Wir sprechen noch heute davon, dass etwas eins a ist, wenn wir seine Qualität schätzen. Das sieht auf den ersten Blick gar nicht nach Latein aus, kommt aber aus der Sprache der Römer. Allerdings aus einer Zeit, in der Latein nicht mehr die Sprache der Römer war.
In meinem Geschichtsstudium bin ich das ein oder andere Mal mit Originalquellen aneinandergeraten. Diese hatten mehrere Nachteile – oder sagen wir mal Herausforderungen – die gedruckte Reproduktionen nicht haben. 1. Sie sind meistens auf Latein. 2. Es sind sehr oft handschriftliche Texte. Und wer mal versucht hat, Onkel Werners Geburtstagskarte zu entziffern, der weiß, wie schwierig und nervig das sein kann. Und 3. Abkürzungen. Gerade in lateinischen Texten vor der Einführung des Papiers in Europa wird unglaublich viel abgekürzt, weil Pergament teuer ist und Platz gespart werden muss. Außerdem spart es natürlich auch Zeit. Da man davon ausgehen kann, dass die Leute, die die entsprechenden Texte lesen, sehr gebildet sind und fließend Latein können, ist das Textverständnis trotz der vielen Abkürzungen offenbar kein großes Problem gewesen.
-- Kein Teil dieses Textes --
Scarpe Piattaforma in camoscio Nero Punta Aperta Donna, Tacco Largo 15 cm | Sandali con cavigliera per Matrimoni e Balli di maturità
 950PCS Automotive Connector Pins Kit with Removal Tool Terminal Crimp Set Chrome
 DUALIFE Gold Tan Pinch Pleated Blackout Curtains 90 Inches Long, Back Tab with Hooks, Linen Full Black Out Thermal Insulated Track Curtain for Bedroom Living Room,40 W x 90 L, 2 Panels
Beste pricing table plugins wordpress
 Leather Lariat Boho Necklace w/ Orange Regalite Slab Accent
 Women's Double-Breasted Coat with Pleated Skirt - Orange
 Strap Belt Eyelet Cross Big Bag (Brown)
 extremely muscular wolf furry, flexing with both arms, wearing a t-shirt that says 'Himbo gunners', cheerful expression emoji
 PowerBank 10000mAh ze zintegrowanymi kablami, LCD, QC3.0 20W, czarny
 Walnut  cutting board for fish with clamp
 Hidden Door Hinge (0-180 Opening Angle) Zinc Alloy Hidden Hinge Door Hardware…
Bei modernen Geschichtsstudenten im dritten Semester sieht das anders aus. Da sind solche Abkürzungen sehr oft ein gewaltiges Lesehemmnis. Erst müht man sich damit ab, die einzelnen Buchstaben zu entziffern und dann stellt man fest, dass das Ganze auch noch eine Abkürzung für irgendein lateinisches Wort ist – nur für welches?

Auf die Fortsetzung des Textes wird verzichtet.